Porto ha tutte le caratteristiche di una città a grandezza di turisti, con le sue vie dello shopping, monumenti sparsi raggiungibili a piedi, buonissimi ristoranti, più un sistema di trasporti che, scalato opportunamente, è del tutto comparabile con l'efficienza che ho sperimentato a Parigi o a Barcellona. Ma tiene, stretti fortissimo, la sua anima e i suoi talenti. La città è famosa per gli Azulejos, di cui una delle massime espressioni locali è la facciata della Cappella delle Anime. Appare quasi inaspettatamente tra Rua de Fernandes Tomas e Rua de Santa Catarina, con quella sua bellezza “dolce” che, personalmente, attribuirei all’arte come l’ho sentita su tutta Porto.

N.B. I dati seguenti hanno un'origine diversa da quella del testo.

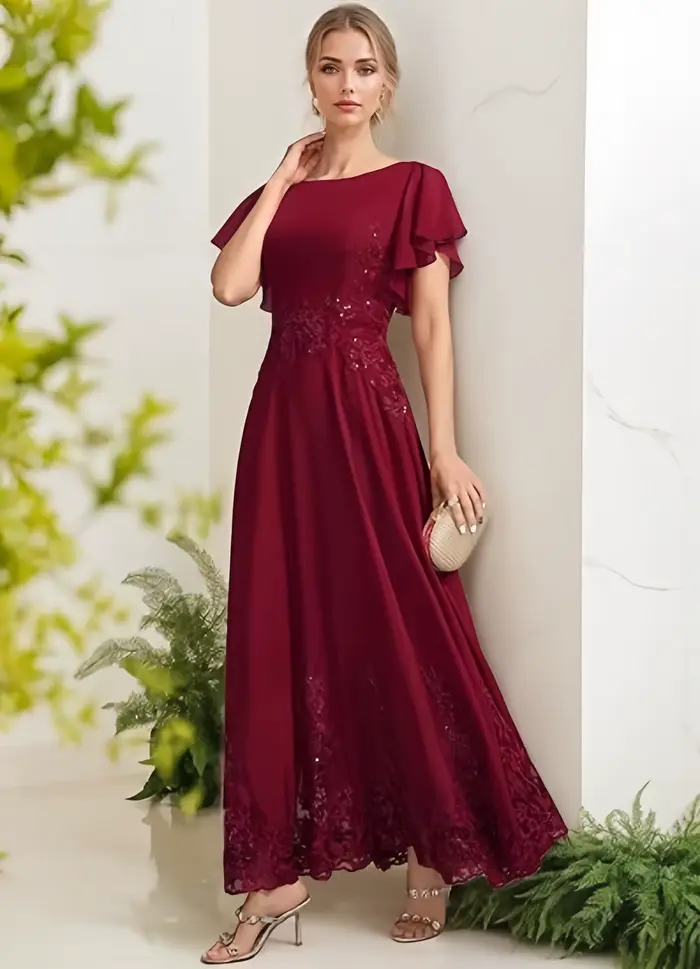 Robe de mère de la mariée en mousseline de soie élégante à col rond pour cérémonies formelles et événements spéciaux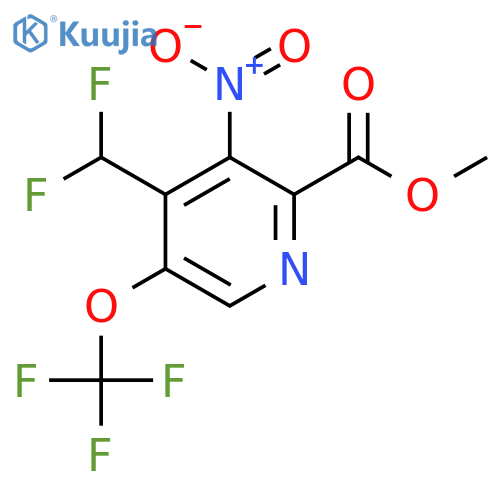Methyl 4-(difluoromethyl)-3-nitro-5-(trifluoromethoxy)pyridine-2-carboxylate structure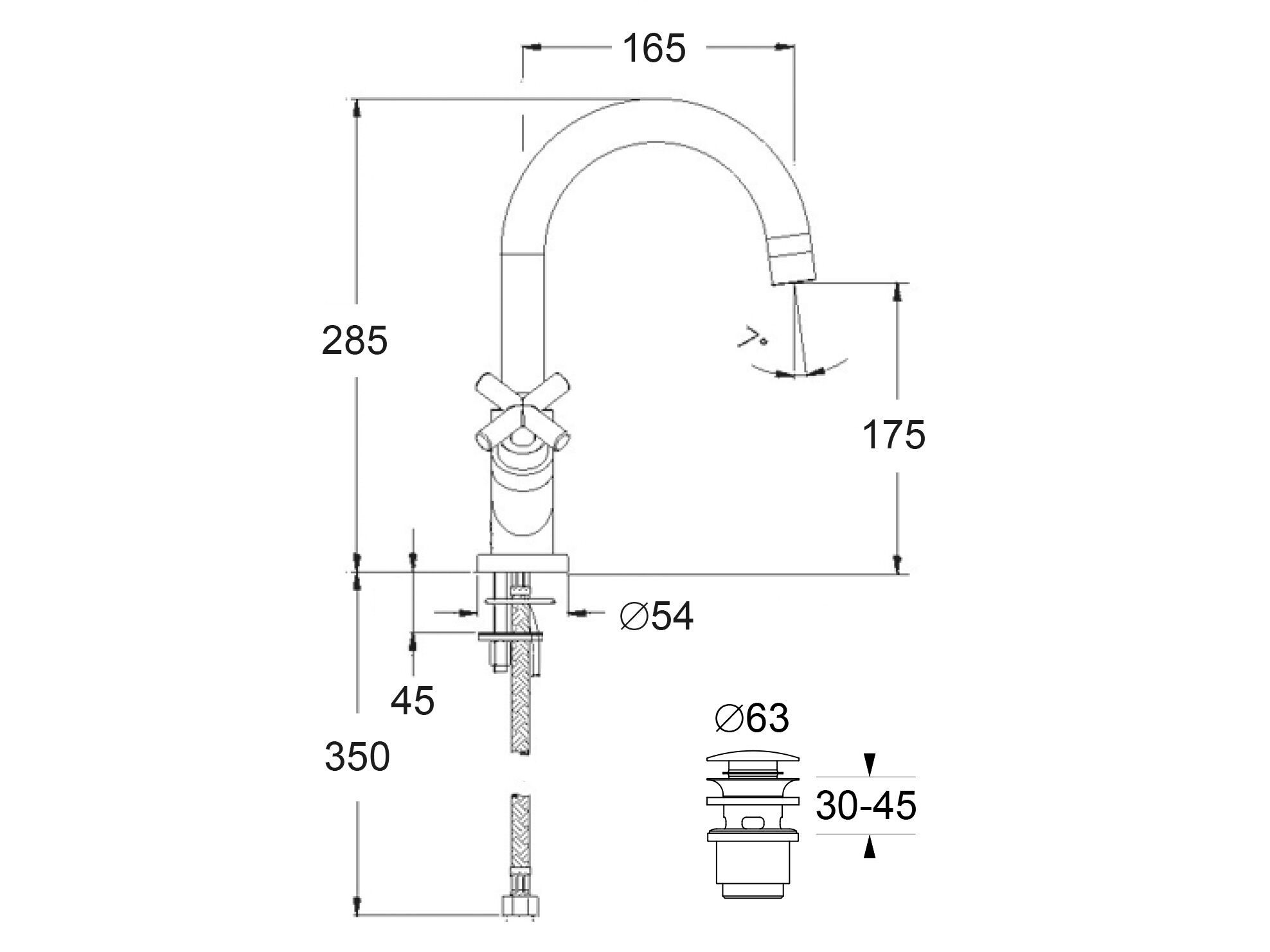 Смеситель для раковины с поворотным горлышком GUGLIELMI RUBINETTERIE Вера ARCH-00069622 - Вид №4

Altra Chiesa che ho avuto modo di trovare aperta è quella di San Cosimo, cosi come la chiesa dei Clerici con il relativo campanile, simbolo della città. Nel mio caso, tuttavia, un’acquazzone ha accompagnato la mia salita sul campanile. Esperienza che, decisamente, non raccomando. Da ripetersi in una giornata senza pioggia o, quantomeno, con meno vento. In tutte queste chiese, sono rimasta colpita dall'uso dell’edificio, che era essenzialmente una dimora su più piani, che sia una casa "nascosta" come nel caso della Cappella delle Anime, o più simile a una piccola reggia, come nel caso della Chiesa dei Chierici, o quella di San Cosimo. I sacerdoti potevano in queste non solo vivere, ma anche ricevere illustri ospiti, ricordandoci quanto la Chiesa sia soprattutto un organo politico, che trascende i confini tra stati, più che una casa di fede.

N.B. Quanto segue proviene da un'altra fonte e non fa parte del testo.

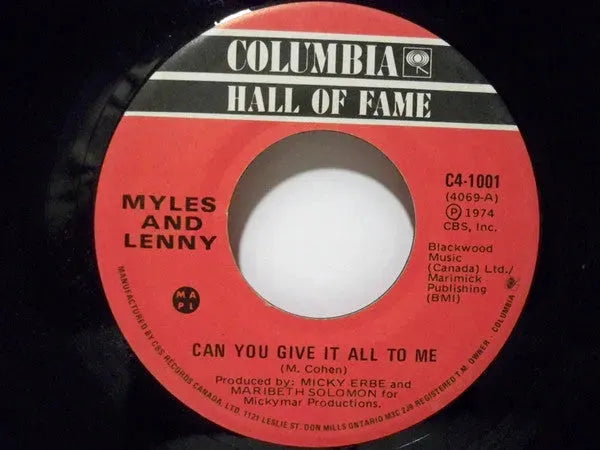 Myles and Lenny : Can You Give It All To Me / Don't Come Crying To Me (7", Single)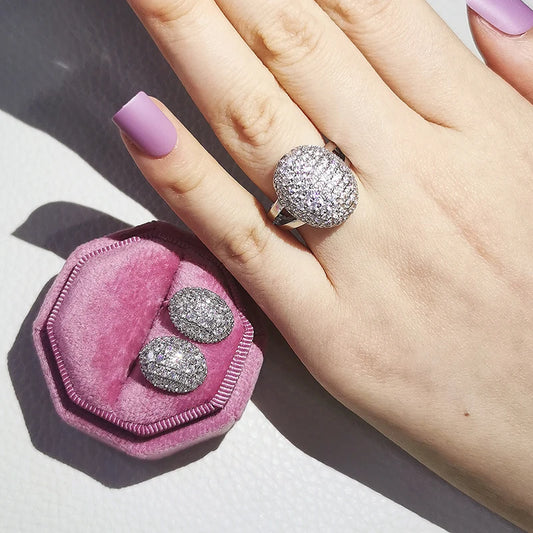 2pcs Pack silver color bride Jewelry Set Halo Engagement Ring Round Stud Earring For Wedding Christmas Gift Party J6016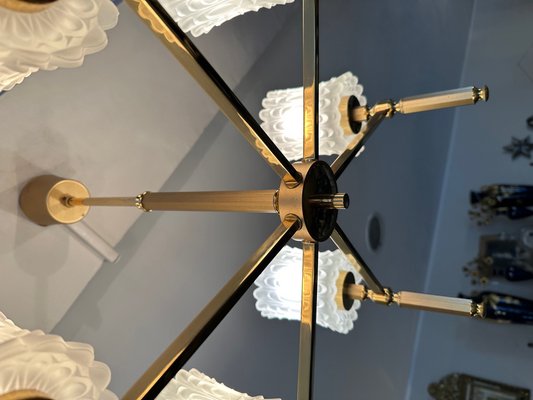 Brass and Glass Chandelier, 1970s-BFK-1755799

Il centro di Porto offre tante piccole scoperte. Dal Mercato di Bolhao, un sogno ad occhi aperti per chi vive negli Stati Uniti,  alla libreria Lello. Assaltata dai turisti, è decisamente valsa la sfida alla mia misantropia. Avrei solo voluto che odorasse più di libro ma no, nulla potrebbe guastare la bellezza del rosso di quelle scale, come la sensazione di sfiorare il legno del corrimano. Mi sono premiata con una guida del Portogallo: ora dovrò assolutamente farci quel on-the-road.

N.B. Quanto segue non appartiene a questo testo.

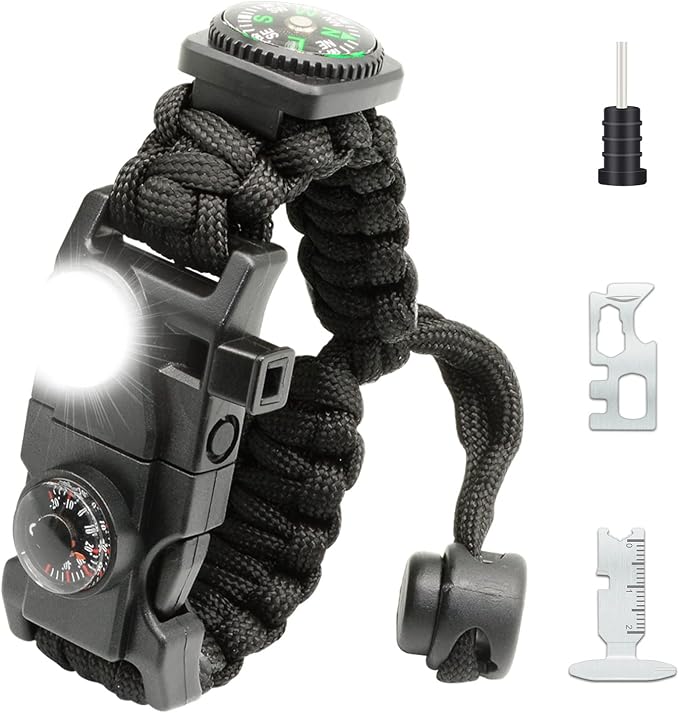 20 in 1 Survival Paracord Bracelet Adjustable Gear Kit by NVioAsport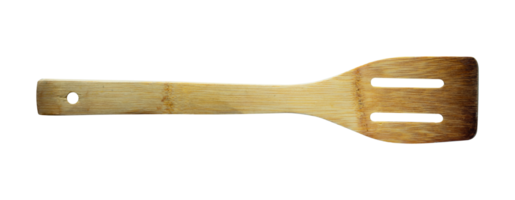 Rusty wooden spatula isolated. Kitchen tool element png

Sempre a pochi passi dalla libreria, all’ombra della Chiesa dei Clerici, il giardino di Cordoaria è un frammento di smeraldo nelle vie di Porto, al momento della mia passeggiata visitato da un gruppo di scout. Qui ho trovato due alberi nati dallo stesso ceppo, intrecciati in un’unica chioma. Si camminano attorno, si studiano, si accompagnano, danzano, ma fioriscono separatamente, pur sostenendosi a vicenda. Non so nulla, assolutamente nulla, di botanica. Ma qualcosa delle persone e, soprattutto, di me, forse, la sto capendo. 
E voi? A chi pensate, guardando questi due?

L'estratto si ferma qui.